- Problem to work on
Pictures stay out of the copy. Everything else in the records must be repeated exactly.

- Supplied material

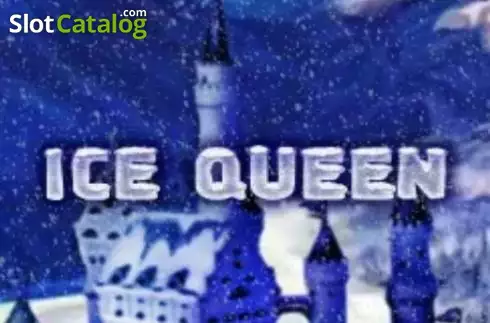 Ice Queen (AGT Software) Logo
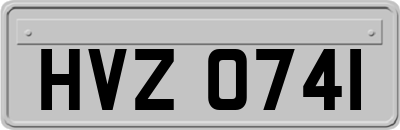 HVZ0741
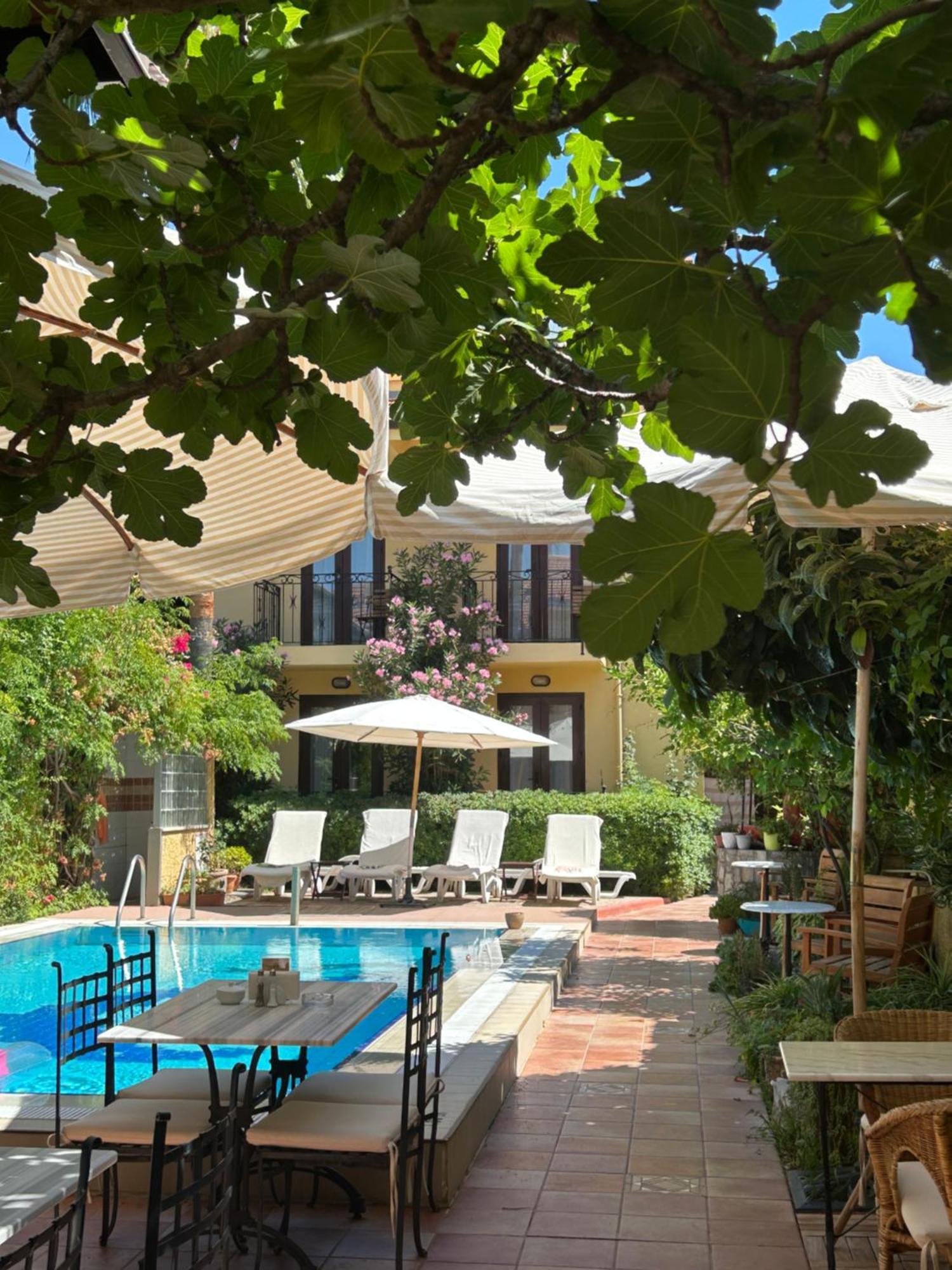 Hotel Danlin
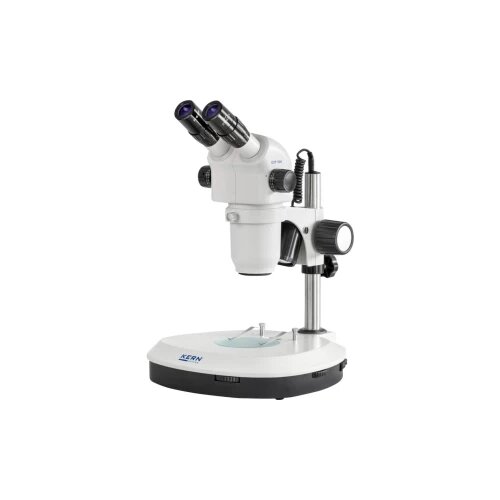 Kern OZP 556 OZP 556 stereo zoom mikroskop binokularni 55 x iluminirano svjetlo, reflektirano svjetlo Cijene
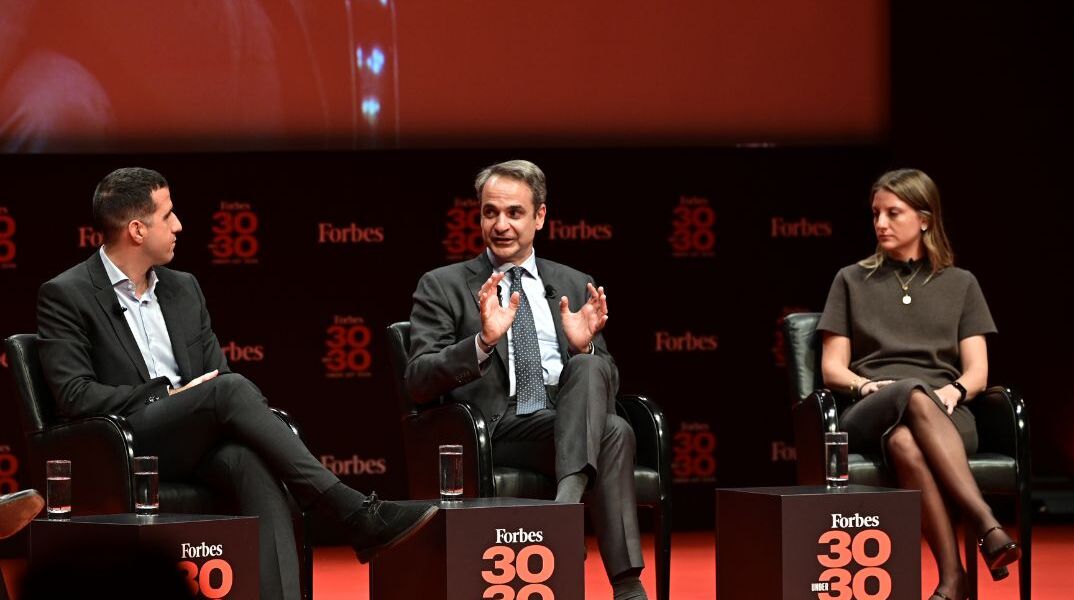 Μητσοτάκης: Να δημιουργήσουμε ένα υπουργείο Έρευνας, Καινοτομίας και Τριτοβάθμιας Εκπαίδευσης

- Exercise output
 Ice Queen (AGT Software) Logo
 HVZ0741
 Hotel Danlin
 Kern OZP 556 OZP 556 stereo zoom mikroskop binokularni 55 x iluminirano svjetlo, reflektirano svjetlo Cijene
 Μητσοτάκης: Να δημιουργήσουμε ένα υπουργείο Έρευνας, Καινοτομίας και Τριτοβάθμιας Εκπαίδευσης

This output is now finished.